A friend told me of a health fair his hospital offered. A proctologist was offering free digital rectal exams (DREs) to check men for prostate cancer. An older gentleman was told his DRE was clean and there was no sign of cancer. The patient was happy, and the doctor asked, “How long has it been since your last DRE?” Six weeks, said the patient. The doctor was dumbfounded, and asked the patient why he had come in for another one so soon?

“Well, it was free,” was the reply.

Free care gets used. But no care is free. TANSTAAFL, said Robert Heinlein, in The Moon is a Harsh Mistress. “There ain’t no such thing as a free lunch.” The patient abusing the “free exams” wasted valuable time and resources. He took away time that could have been spent on another more appropriate patient.
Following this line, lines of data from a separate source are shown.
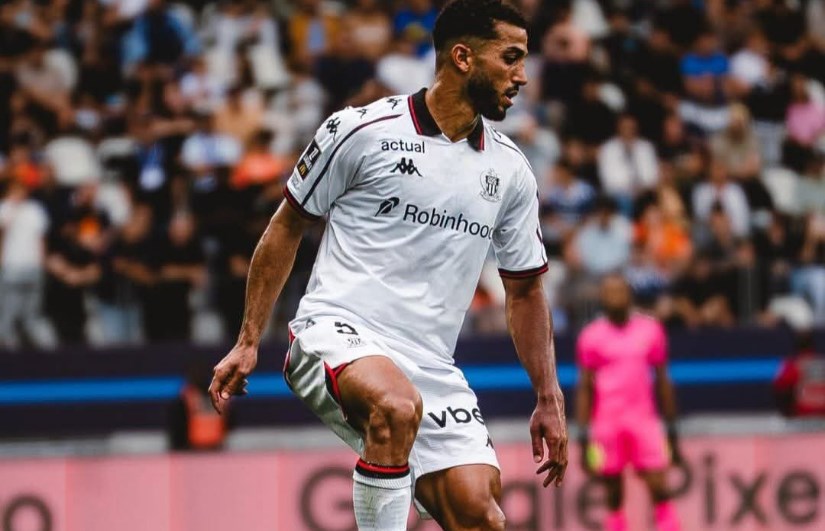 محمد عبد المنعم 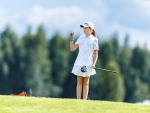 JuniorOpen2026_Day1-112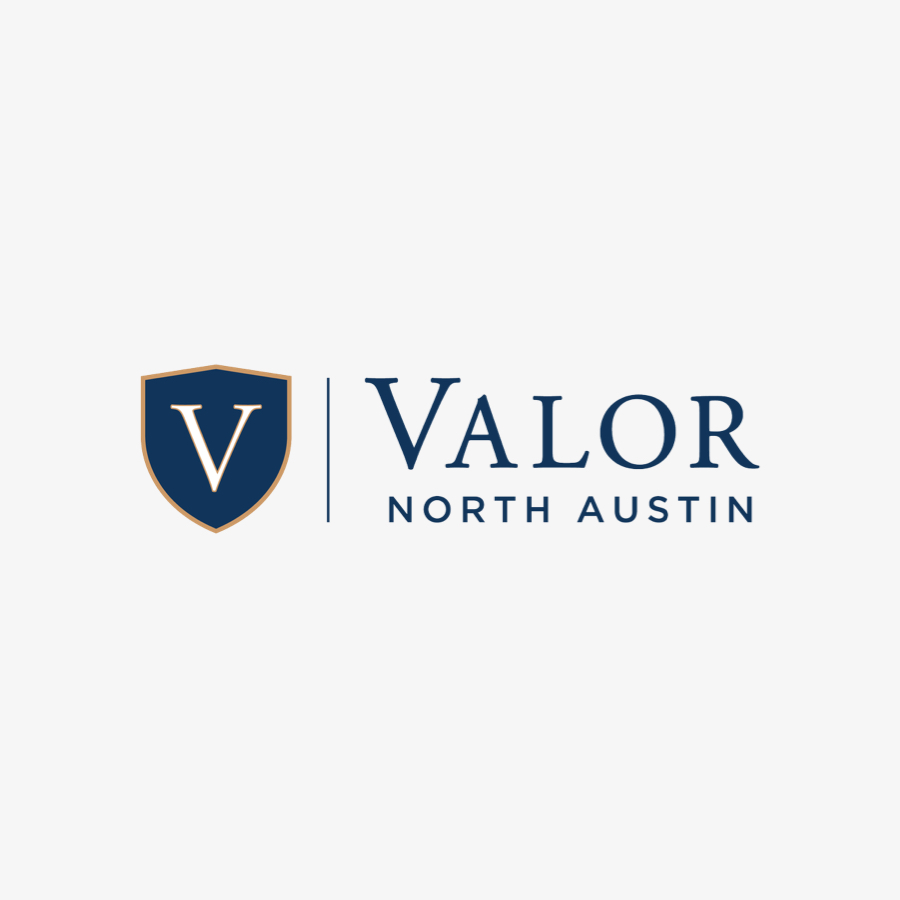 Valor North Austin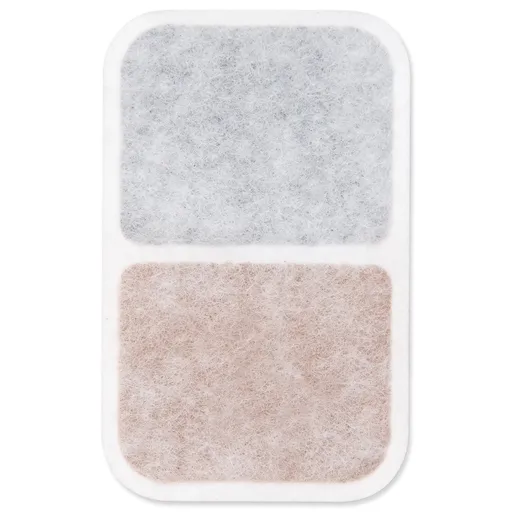 Catit Airsift filter pro toalety Jumbo & Design 6 ks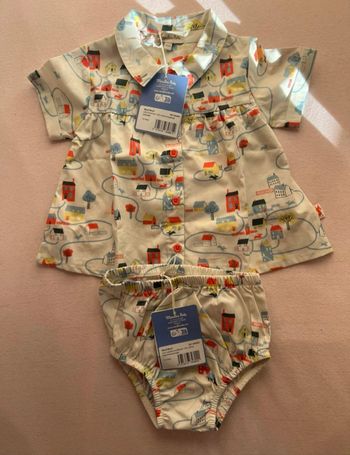Ensemble Moulin Rory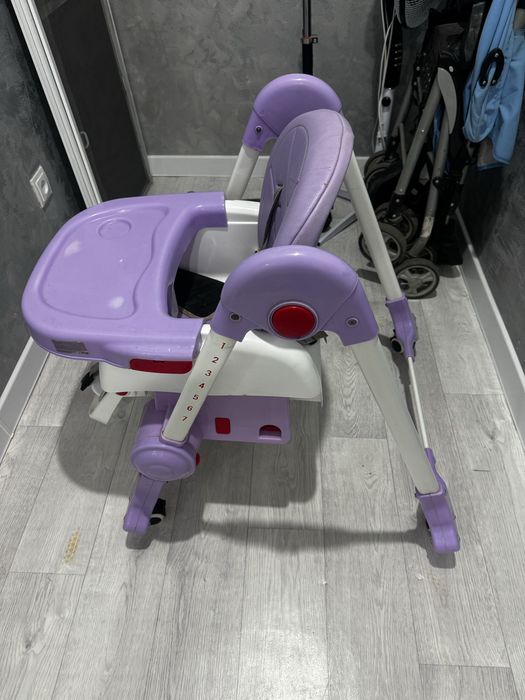 Детскикий столик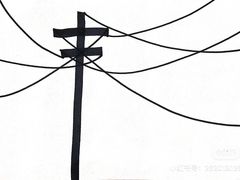 -东方童画少儿美术(乐荟天地体验馆)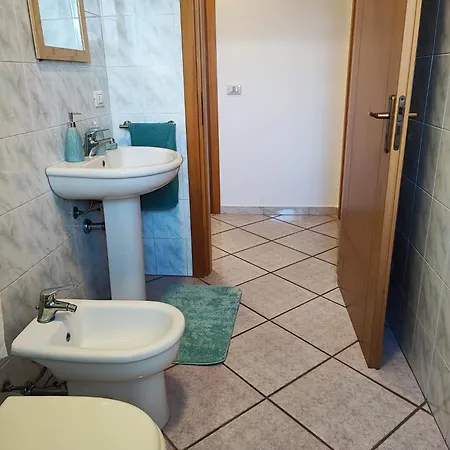 Appartamento Pinamar *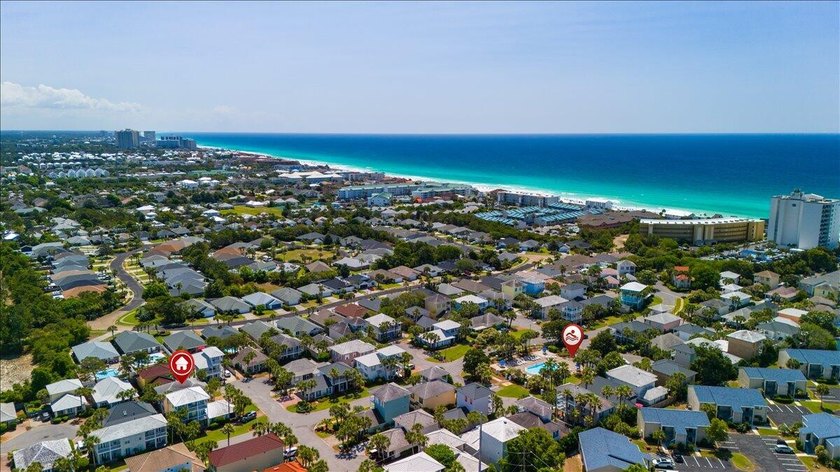 SELLER OFFERS $25K IN CONCESSIONS! Welcome to 15 Pearl Cove, a - photo 45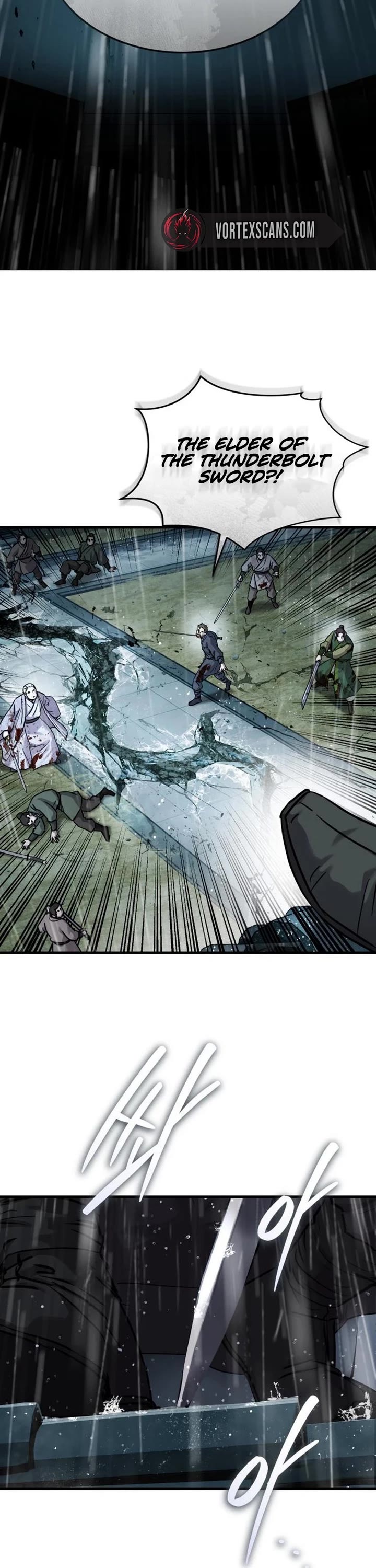 Absolute Dominion Chapter 81 page 62 - Chapter 81
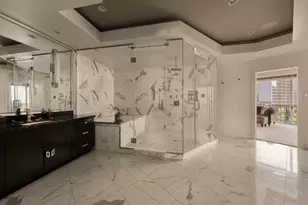 5050 Woodway Dr, Houston, TX 77056 - Photo 29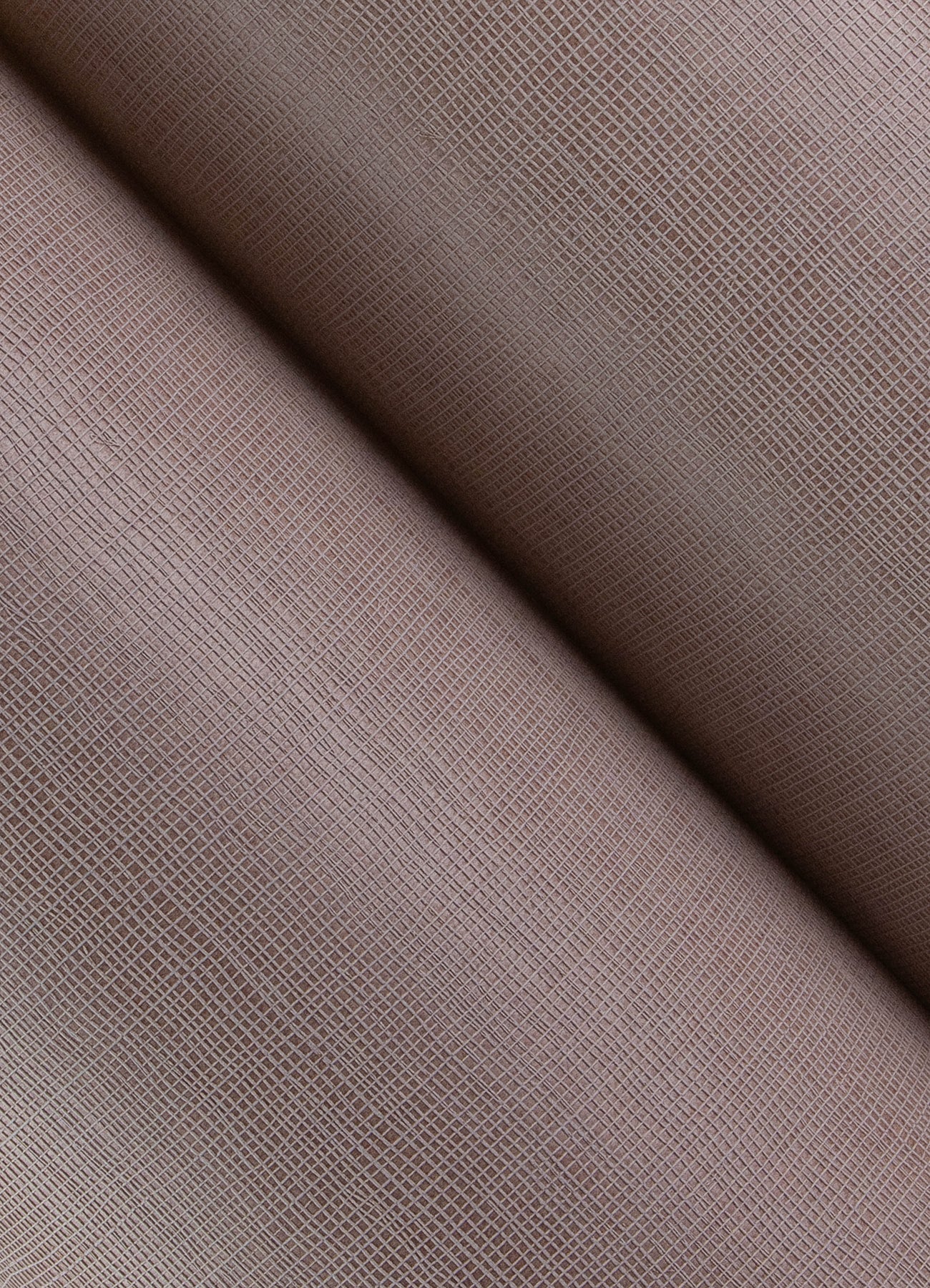 Alba wallpaper in rose color - pattern number 4193-7407 - by A Street Prints in the Portofino collection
When you make anything free, whether it is a screening or emergency room care, it gets used more and with less thought.

But if I have an HSA, pay for my own medical care, and can roll the excess money over each year, I have an incentive to shop. In fact, HSAs could easily include a small educational component where patients learn how to shop, ask about fees, and negotiate. “It’s your money,” should be the motto, “take good care of it!”

Doubters will cry that our older people are not able to fund an HSA. First, that is not at all true. Citizens over the age of 65 have a good deal of disposable income. We are actually better off than those in their thirties and forties and fifties who are funding our retirements. (Social security is a Ponzi scheme, since all the taxes I paid into it are long since spent on bridges to nowhere and other boondoggles.) So we often could afford it.

What about those who can’t? A solution to that would be for Social Security to fund 75% of the HSA the first year, and decrease that percent each year by 15% until by the fifth year, we geezers are funding it all by ourselves. Suppose you changed the plan so I could enroll in a high-deductible plan plus an HSA. I would be responsible for all my medical expenses up to $3,000. The Feds would give me $2250 and I would put in $750. That gives me $3,000 to pay my deductible, and suppose I don’t use it all. Suppose I take good care of myself, only use $1,000 in the first year? I now have $2,000 to roll over. I pay in $1,200, the Feds give their incentive of $1,800, and I now have $5,000 in my HSA. Each year my HSA would grow, and I would pay a greater portion until after five years, I am paying the whole $3,000.

An option might be that if I raise my deductible, my insurance should cost less that year. Suppose the Feds and I split the savings? That would further incentivize me to assume more and more responsibility for my own health care.

Government isn’t necessarily the problem, and it usually isn’t the solution. But using good design in government entitlements can nudge old geezers like me toward more self-care and wiser use of resources.